_Required action_:
Images are to be excluded, and the rest of the data repeated exactly.

_Data segment_:
[Start of section]
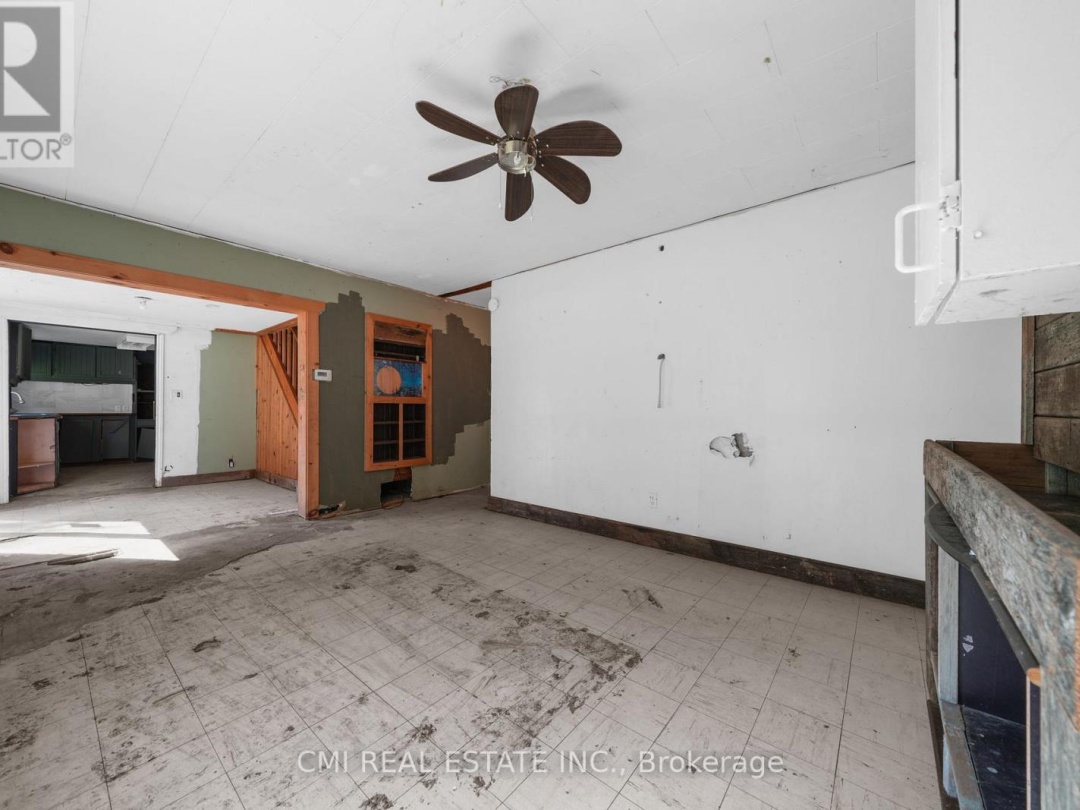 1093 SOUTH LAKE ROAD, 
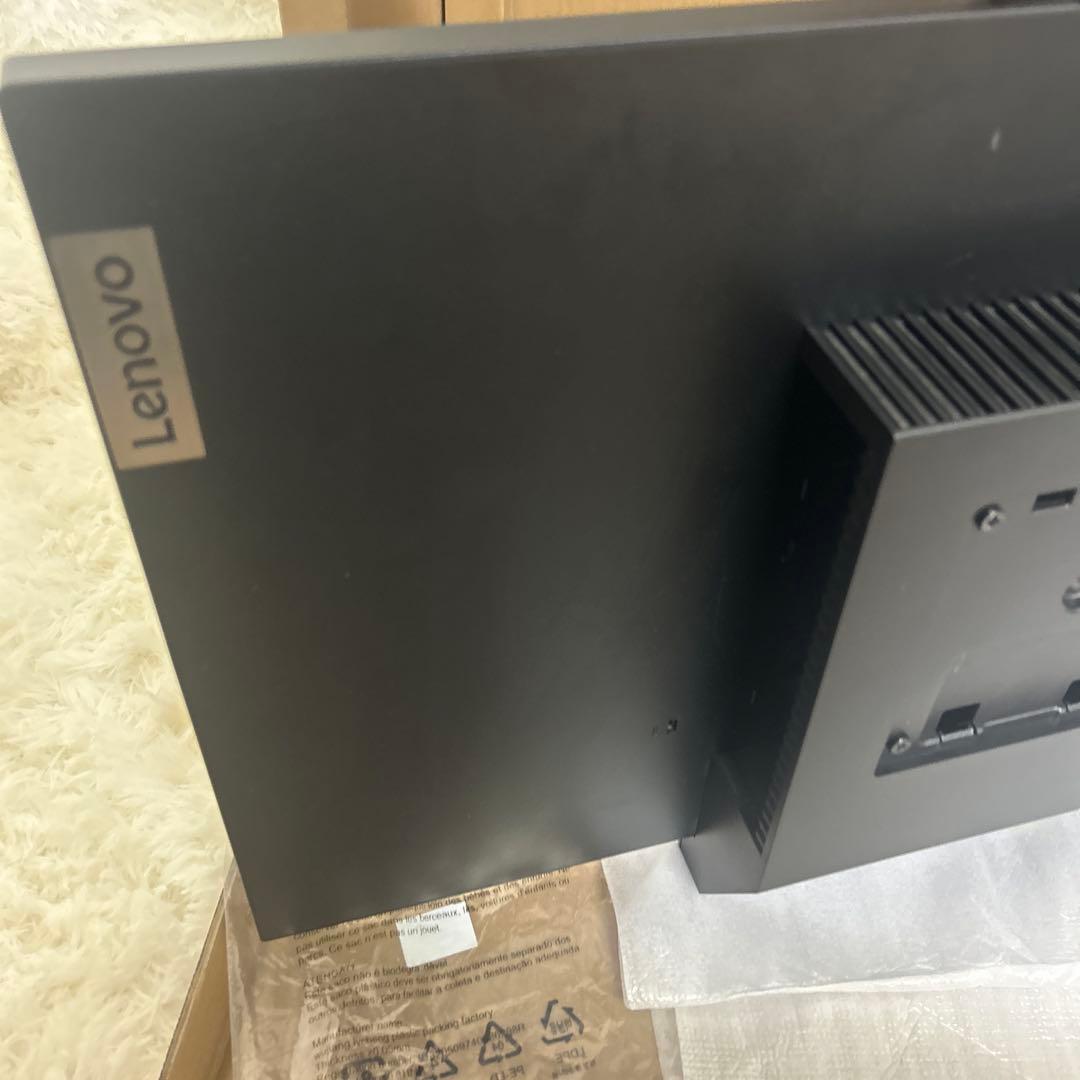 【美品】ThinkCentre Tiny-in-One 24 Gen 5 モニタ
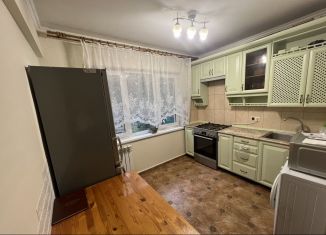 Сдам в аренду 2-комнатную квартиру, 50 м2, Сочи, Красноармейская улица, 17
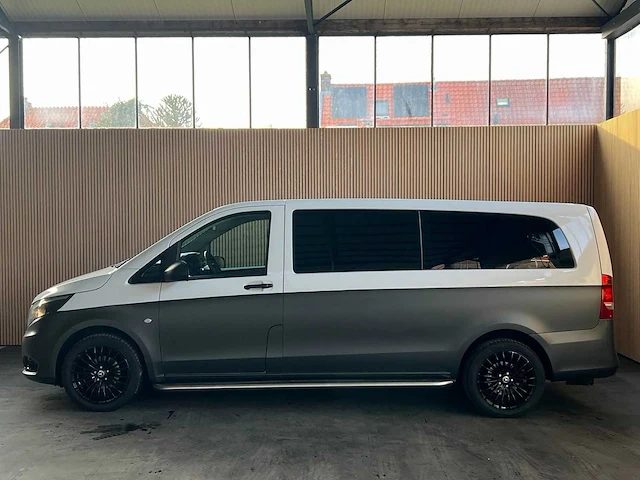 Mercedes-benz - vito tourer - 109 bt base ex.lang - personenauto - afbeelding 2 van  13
[End of section]
_Response below_:
 1093 SOUTH LAKE ROAD, 
 【美品】ThinkCentre Tiny-in-One 24 Gen 5 モニタ
 Сдам в аренду 2-комнатную квартиру, 50 м2, Сочи, Красноармейская улица, 17
 Mercedes-benz - vito tourer - 109 bt base ex.lang - personenauto - afbeelding 2 van  13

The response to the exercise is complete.